* Assignment *
Search the records for the string "featuring" and return each line that has it.

Data extracted from a collection

· · · · · · ·

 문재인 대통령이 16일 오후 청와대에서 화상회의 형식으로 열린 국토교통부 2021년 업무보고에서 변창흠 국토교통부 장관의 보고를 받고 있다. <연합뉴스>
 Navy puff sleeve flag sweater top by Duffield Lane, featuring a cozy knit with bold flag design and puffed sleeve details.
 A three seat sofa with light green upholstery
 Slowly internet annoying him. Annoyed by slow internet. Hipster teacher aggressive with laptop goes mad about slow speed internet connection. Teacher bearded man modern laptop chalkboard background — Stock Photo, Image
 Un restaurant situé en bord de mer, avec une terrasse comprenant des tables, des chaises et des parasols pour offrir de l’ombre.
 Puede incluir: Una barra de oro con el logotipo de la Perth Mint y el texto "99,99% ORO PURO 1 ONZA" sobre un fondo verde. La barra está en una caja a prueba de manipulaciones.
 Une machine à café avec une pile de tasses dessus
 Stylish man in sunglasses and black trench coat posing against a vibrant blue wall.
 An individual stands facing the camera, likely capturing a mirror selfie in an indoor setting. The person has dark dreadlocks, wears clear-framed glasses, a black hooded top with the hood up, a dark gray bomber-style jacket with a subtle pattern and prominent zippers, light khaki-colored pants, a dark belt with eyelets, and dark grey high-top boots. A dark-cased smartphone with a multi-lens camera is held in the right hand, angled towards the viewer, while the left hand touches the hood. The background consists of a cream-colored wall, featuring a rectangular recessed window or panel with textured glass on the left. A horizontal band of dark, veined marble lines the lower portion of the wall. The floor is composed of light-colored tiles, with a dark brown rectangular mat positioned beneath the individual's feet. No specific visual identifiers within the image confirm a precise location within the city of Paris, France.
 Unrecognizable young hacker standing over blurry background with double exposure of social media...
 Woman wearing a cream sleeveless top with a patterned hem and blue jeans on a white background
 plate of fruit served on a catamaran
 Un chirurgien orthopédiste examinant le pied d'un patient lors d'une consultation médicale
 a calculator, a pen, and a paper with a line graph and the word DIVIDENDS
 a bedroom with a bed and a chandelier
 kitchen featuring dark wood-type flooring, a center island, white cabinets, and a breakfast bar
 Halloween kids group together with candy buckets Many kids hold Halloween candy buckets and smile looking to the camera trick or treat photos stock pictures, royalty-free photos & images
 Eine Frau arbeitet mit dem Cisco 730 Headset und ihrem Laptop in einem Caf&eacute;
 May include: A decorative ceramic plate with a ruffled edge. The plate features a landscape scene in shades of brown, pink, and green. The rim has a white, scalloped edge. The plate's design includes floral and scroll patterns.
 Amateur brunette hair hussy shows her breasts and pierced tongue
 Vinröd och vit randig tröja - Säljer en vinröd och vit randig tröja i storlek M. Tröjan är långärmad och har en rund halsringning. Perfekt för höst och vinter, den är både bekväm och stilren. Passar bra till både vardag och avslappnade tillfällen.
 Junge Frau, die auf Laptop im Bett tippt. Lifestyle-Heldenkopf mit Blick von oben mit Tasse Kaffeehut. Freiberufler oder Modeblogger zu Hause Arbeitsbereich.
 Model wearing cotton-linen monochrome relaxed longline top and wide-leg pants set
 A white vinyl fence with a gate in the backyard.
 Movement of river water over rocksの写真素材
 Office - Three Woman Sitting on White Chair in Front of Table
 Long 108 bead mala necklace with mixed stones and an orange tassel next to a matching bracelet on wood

· · · · · · ·

* Solution *
 Navy puff sleeve flag sweater top by Duffield Lane, featuring a cozy knit with bold flag design and puffed sleeve details.
 An individual stands facing the camera, likely capturing a mirror selfie in an indoor setting. The person has dark dreadlocks, wears clear-framed glasses, a black hooded top with the hood up, a dark gray bomber-style jacket with a subtle pattern and prominent zippers, light khaki-colored pants, a dark belt with eyelets, and dark grey high-top boots. A dark-cased smartphone with a multi-lens camera is held in the right hand, angled towards the viewer, while the left hand touches the hood. The background consists of a cream-colored wall, featuring a rectangular recessed window or panel with textured glass on the left. A horizontal band of dark, veined marble lines the lower portion of the wall. The floor is composed of light-colored tiles, with a dark brown rectangular mat positioned beneath the individual's feet. No specific visual identifiers within the image confirm a precise location within the city of Paris, France.
 kitchen featuring dark wood-type flooring, a center island, white cabinets, and a breakfast bar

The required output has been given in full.